From the data below, retype exactly the lines starting with the one that contains "巴黎G7外长会上，美欧当场吵" and ending with the one that contains "武汉传来好消息,武汉有几条轨道", both included.
::::::::
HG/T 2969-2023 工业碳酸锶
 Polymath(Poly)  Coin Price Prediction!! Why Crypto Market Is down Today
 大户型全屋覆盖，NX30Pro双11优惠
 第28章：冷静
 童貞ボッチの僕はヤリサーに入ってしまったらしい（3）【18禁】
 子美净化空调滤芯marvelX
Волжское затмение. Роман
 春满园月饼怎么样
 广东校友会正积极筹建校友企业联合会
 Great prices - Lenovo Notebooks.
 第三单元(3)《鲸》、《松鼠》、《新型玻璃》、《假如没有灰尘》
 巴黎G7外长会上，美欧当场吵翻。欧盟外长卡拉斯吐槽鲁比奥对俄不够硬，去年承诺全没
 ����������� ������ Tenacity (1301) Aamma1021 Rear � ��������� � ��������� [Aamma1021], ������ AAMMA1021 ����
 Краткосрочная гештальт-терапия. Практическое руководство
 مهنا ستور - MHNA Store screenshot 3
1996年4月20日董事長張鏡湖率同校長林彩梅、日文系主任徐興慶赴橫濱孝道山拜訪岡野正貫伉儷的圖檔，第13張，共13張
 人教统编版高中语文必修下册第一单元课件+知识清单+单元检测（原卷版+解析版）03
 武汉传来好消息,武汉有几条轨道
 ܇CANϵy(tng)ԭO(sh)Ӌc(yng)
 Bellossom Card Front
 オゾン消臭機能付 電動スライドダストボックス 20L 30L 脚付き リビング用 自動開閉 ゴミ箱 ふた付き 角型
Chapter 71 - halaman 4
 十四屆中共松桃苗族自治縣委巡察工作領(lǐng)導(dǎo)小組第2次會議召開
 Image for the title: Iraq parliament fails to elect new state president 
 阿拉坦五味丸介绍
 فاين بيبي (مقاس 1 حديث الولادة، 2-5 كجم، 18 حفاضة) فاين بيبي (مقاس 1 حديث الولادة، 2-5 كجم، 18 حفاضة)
::::::::
Reply to the task:
 巴黎G7外长会上，美欧当场吵翻。欧盟外长卡拉斯吐槽鲁比奥对俄不够硬，去年承诺全没
 ����������� ������ Tenacity (1301) Aamma1021 Rear � ��������� � ��������� [Aamma1021], ������ AAMMA1021 ����
 Краткосрочная гештальт-терапия. Практическое руководство
 مهنا ستور - MHNA Store screenshot 3
1996年4月20日董事長張鏡湖率同校長林彩梅、日文系主任徐興慶赴橫濱孝道山拜訪岡野正貫伉儷的圖檔，第13張，共13張
 人教统编版高中语文必修下册第一单元课件+知识清单+单元检测（原卷版+解析版）03
 武汉传来好消息,武汉有几条轨道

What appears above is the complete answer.